はるか恵那山の秀麗を仰ぐ高原の里、山岡町にくると、立ちのぼる山霧に中に、伊勢や伊豆の潮の香りがした。 里を少し離れると、昔ながらの清冽な大気と水と満天の星に包まれるのだが、集落に入ると、頬をなでる風の中に磯の香りが交じり,大洋の波の音までが聞こえてきそうな気になった。
それは、零下20℃近くまで下がる寒冷の季節になると、全国の浜からテングサが取り寄せられ、里の中央部に広がる田畑を利用してカンテン作りが行なわれるからである。
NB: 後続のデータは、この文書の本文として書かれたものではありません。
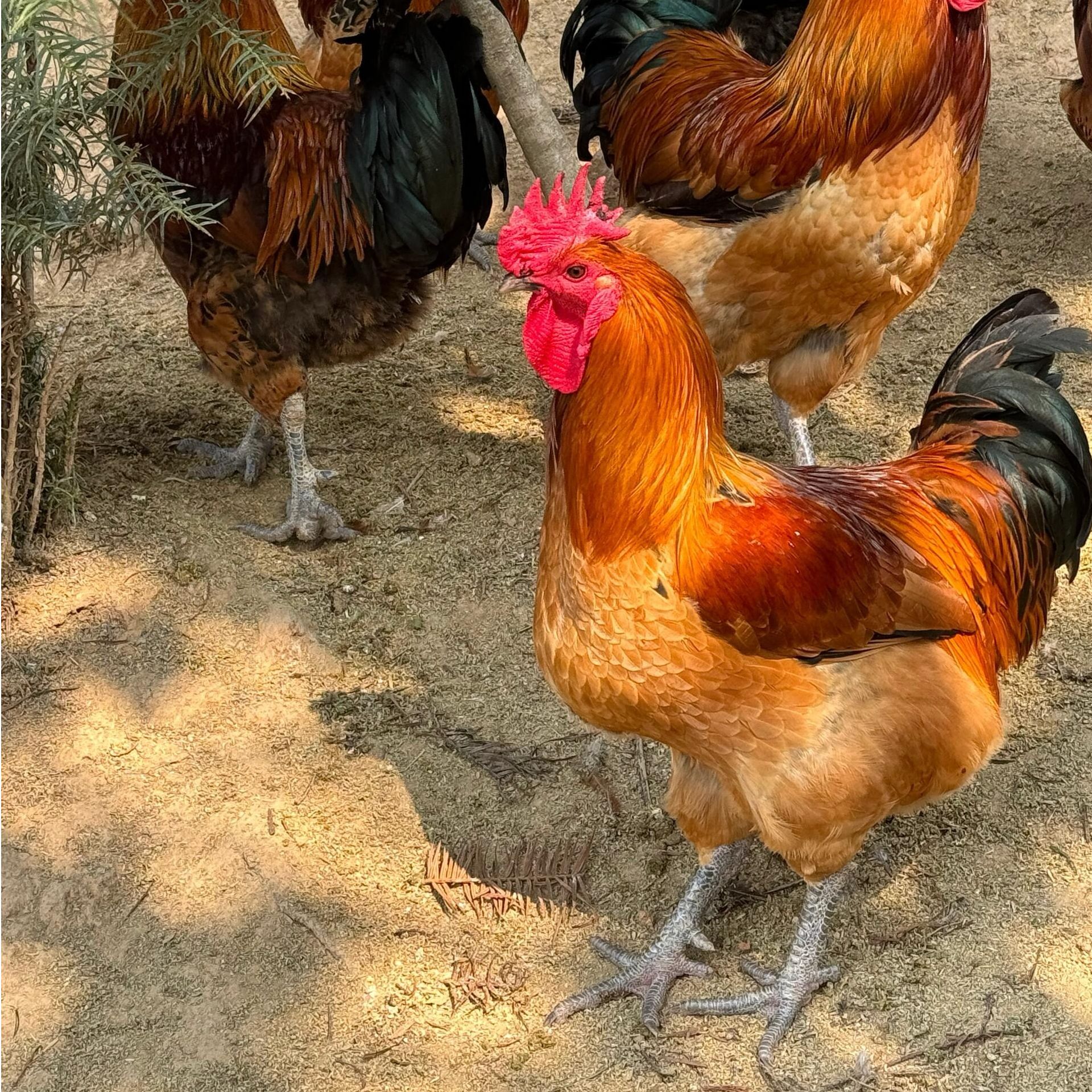 贵州大山散养土鸡公鸡【宰杀发货】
カンテン作りの製法は、江戸時代、真冬に外に放置したトコロテンが乾物になっていたところから発見されたのだが、山岡に入ってきたのは昭和の初め。寒冷で雪の少ない土地が製造に適していることで広まった。
洗われ、煮詰められ、ろ過され、すべての不純物をしぼりとって凝固したテングサの固まりが、凍みわたる寒の星の下の畑一面に並べられている光景を見ていると、厳粛な思いになってくる。海の底で、たえず洗われ、大事にはぐくまれてきた植物を、清冽な山の大気と星の光の下で、何度も凍結と乾燥を繰り返していくうちに、極限の純なものに高められていくのだ。
平安時代の山岡は、恵那郡全体に広がっていた藤原氏の荘園の遠山荘であった。鎌倉時代になると、頼朝の家人加藤景兼が地頭となり、隣の岩村に城を構えて遠山と称するようになった。
山岡の里には、石仏と伝説が多い。中でも若い女性の哀話が多いのは、山国ながら波瀾の歴史が多く、一方恵那山の姿のように、心優しい土地であったからであろう。
「比丘尼ケ池」「釜屋城の姫」「機子ケ池」「居守ケ池」「竜王様」と語り継がれてきた。
里には、農村歌舞伎、狂言、白山神社の獅子舞「下手向」、豊年を祈るおかめ踊りなど独特の芸能も多く残っている。